Data -
------------------------------

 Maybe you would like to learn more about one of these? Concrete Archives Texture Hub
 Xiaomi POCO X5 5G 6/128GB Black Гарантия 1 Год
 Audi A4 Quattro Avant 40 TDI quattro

------------------------------

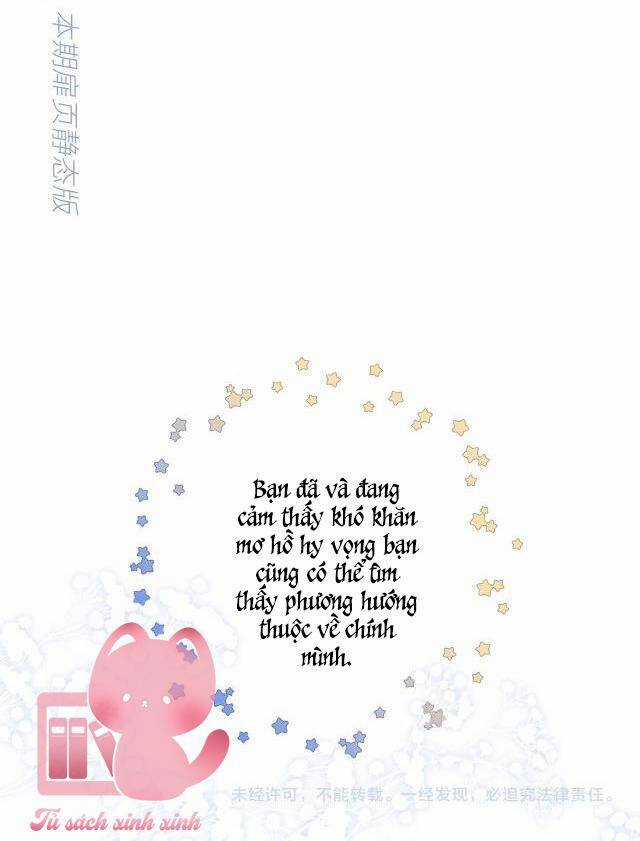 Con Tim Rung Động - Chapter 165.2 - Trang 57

------------------------------

Exercise directions - From the entries above, restate word for word the lines from the line containing "Maybe you would" to the line containing "Audi A4 Quattro Avant 40 TDI quattro", both ends included, and nothing more.

Answer below -
 Maybe you would like to learn more about one of these? Concrete Archives Texture Hub
 Xiaomi POCO X5 5G 6/128GB Black Гарантия 1 Год
 Audi A4 Quattro Avant 40 TDI quattro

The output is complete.